▸ **TASK ITEM**
What you produce should be an exact transcription of the data, minus any pictures.

▸ **GIVEN DATA**
-------
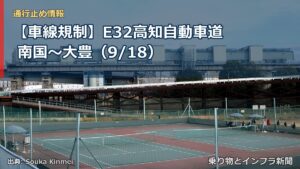 【車線規制】E32高知自動車道 南国～大豊（9/18）（乗り物とインフラ新聞）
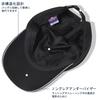 GADIEMKENSD Running Summer Baseball Night Tennis Reflective Baseball Black Women's Cap, Men's Cap, Cap, Fishing, Work, Cap, Breathable, Lightweight,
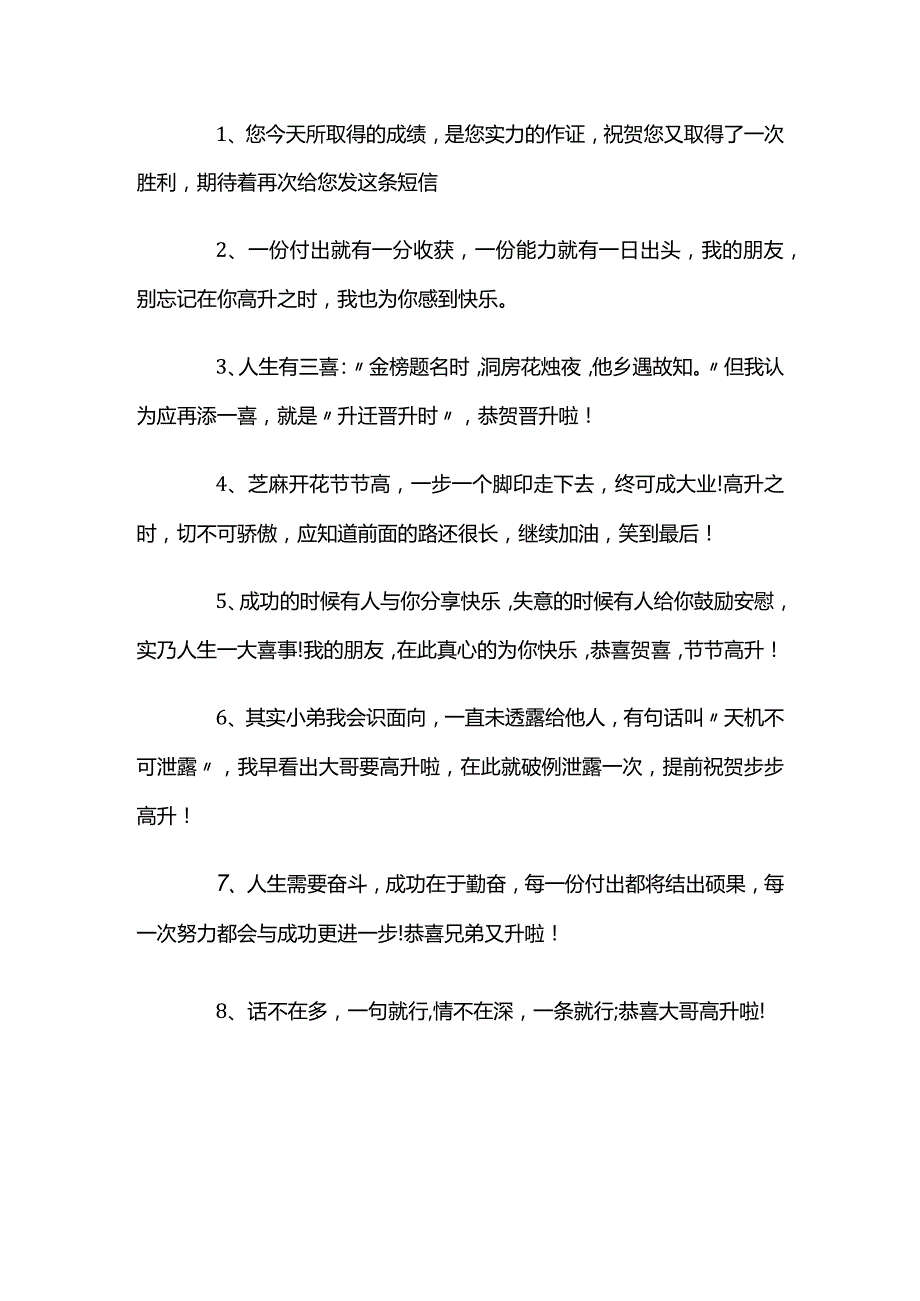 领导升迁祝贺词整理.docx_第1页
-------
▸ **YOUR RESPONSE**
 【車線規制】E32高知自動車道 南国～大豊（9/18）（乗り物とインフラ新聞）
 GADIEMKENSD Running Summer Baseball Night Tennis Reflective Baseball Black Women's Cap, Men's Cap, Cap, Fishing, Work, Cap, Breathable, Lightweight,
 领导升迁祝贺词整理.docx_第1页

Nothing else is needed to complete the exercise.